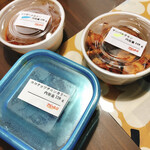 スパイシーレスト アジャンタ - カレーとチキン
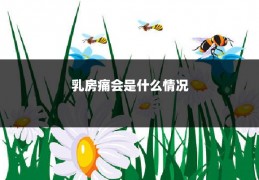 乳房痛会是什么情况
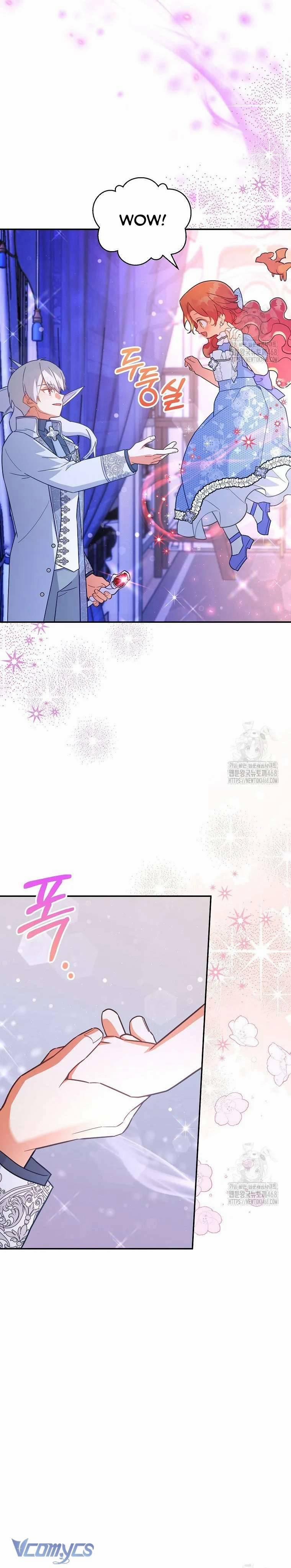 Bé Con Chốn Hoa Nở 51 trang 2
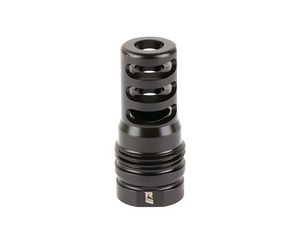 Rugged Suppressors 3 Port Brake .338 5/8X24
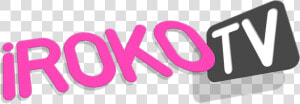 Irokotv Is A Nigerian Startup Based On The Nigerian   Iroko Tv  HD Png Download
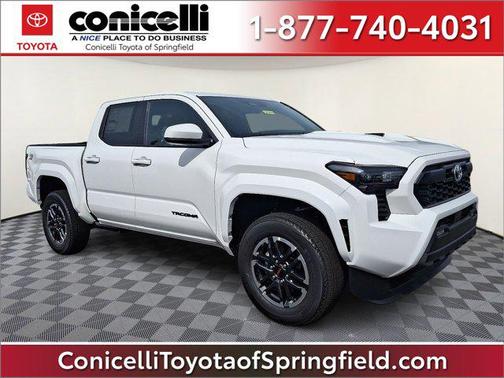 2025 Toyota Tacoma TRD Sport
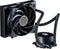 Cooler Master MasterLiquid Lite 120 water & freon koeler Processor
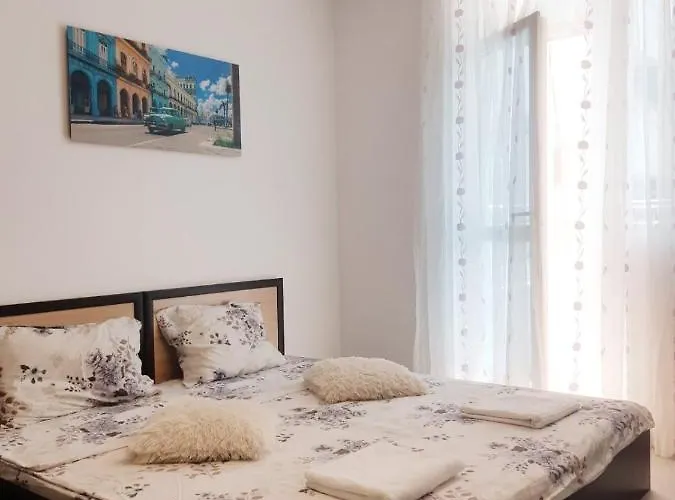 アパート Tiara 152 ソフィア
----------
**Try it**
Leave out the pictures, and retype exactly the lines from the one containing "Rugged Suppressors 3 Port Brake .338 5/8X24" through the last line of the data above, no more and no less.

**Written reply**
 Rugged Suppressors 3 Port Brake .338 5/8X24
 Irokotv Is A Nigerian Startup Based On The Nigerian   Iroko Tv  HD Png Download
 2025 Toyota Tacoma TRD Sport
 Cooler Master MasterLiquid Lite 120 water & freon koeler Processor
 アパート Tiara 152 ソフィア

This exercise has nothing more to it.